Indriya-vibhanga Sutta

Analysis of the Mental Faculties


"Monks, there are these five faculties. Which five? The faculty of conviction, the faculty of persistence, the faculty of mindfulness, the faculty of concentration, the faculty of discernment.

"Now what is the faculty of conviction? There is the case where a monk, a noble disciple, has conviction, is convinced of the Tathagata's Awakening: 'Indeed, the Blessed One is worthy and rightly self-awakened, consummate in knowledge & conduct, well-gone, an expert with regard to the world, unexcelled as a trainer for those people fit to be tamed, the Teacher of divine & human beings, awakened, blessed.' This is called the faculty of conviction.

"And what is the faculty of persistence? There is the case where a monk, a noble disciple, keeps his persistence aroused for abandoning unskillful mental qualities and taking on skillful mental qualities. He is steadfast, solid in his effort, not shirking his duties with regard to skillful mental qualities. He generates desire, endeavors, arouses persistence, upholds & exerts his intent for the sake of the non-arising of evil, unskillful qualities that have not yet arisen...for the sake of the abandoning of evil, unskillful qualities that have arisen...for the sake of the arising of skillful qualities that have not yet arisen...(and) for the maintenance, non-confusion, increase, plenitude, development, & culmination of skillful qualities that have arisen. This is called the faculty of persistence.

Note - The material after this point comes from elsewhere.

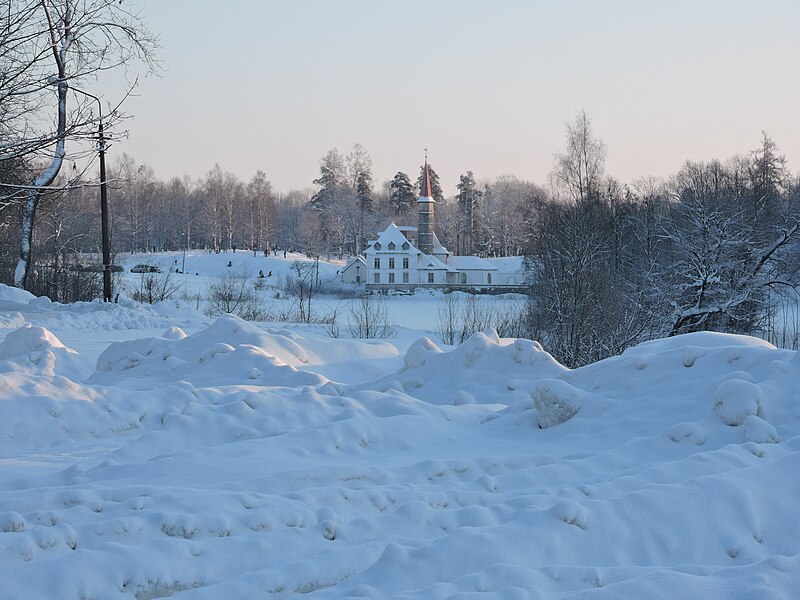 File:Приоратские парк и дворец.jpg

"And what is the faculty of mindfulness? There is the case where a monk, a noble disciple, is mindful, highly meticulous, remembering & able to call to mind even things that were done & said long ago. He remains focused on the body in & of itself -- ardent, alert, & mindful -- putting aside greed & distress with reference to the world. He remains focused on feelings in & of themselves...the mind in & of itself...mental qualities in & of themselves -- ardent, alert, & mindful -- putting aside greed & distress with reference to the world. This is called the faculty of mindfulness.

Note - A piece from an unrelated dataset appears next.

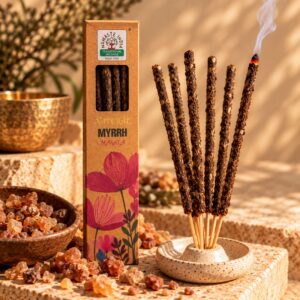Vonné tyčinky Myrha (Myrrh Masala) v keramickom stojane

"And what is the faculty of concentration? There is the case where a monk, a noble disciple, making it his object to let go, attains concentration, attains singleness of mind. Quite withdrawn from sensuality, withdrawn from unskillful mental qualities, he enters & remains in the first jhana: rapture & pleasure born from withdrawal, accompanied by directed thought & evaluation. With the stilling of directed thought & evaluation, he enters & remains in the second jhana: rapture & pleasure born of composure, unification of awareness free from directed thought & evaluation -- internal assurance. With the fading of rapture he remains in equanimity, mindful & alert, and physically sensitive of pleasure. He enters & remains in the third jhana, of which the Noble Ones declare, 'Equanimous & mindful, he has a pleasurable abiding.' With the abandoning of pleasure & pain -- as with the earlier disappearance of elation & distress -- he enters & remains in the fourth jhana: purity of equanimity & mindfulness, neither pleasure nor pain. This is called the faculty of concentration.

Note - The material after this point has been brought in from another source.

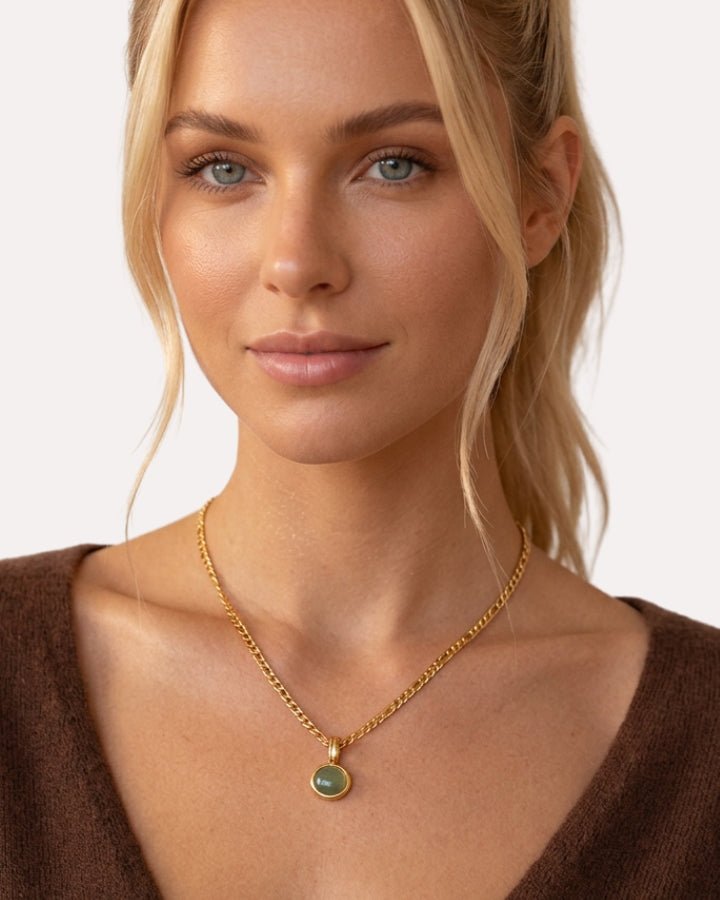 Vera Oval Jade Pendant Necklace - Onyxelle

"And what is the faculty of discernment? There is the case where a monk, a noble disciple, is discerning, endowed with discernment of arising & passing away -- noble, penetrating, leading to the right ending of stress. He discerns, as it is actually present: 'This is stress...This is the origination of stress...This is the cessation of stress...This is the path of practice leading to the cessation of stress.' This is called the faculty of discernment.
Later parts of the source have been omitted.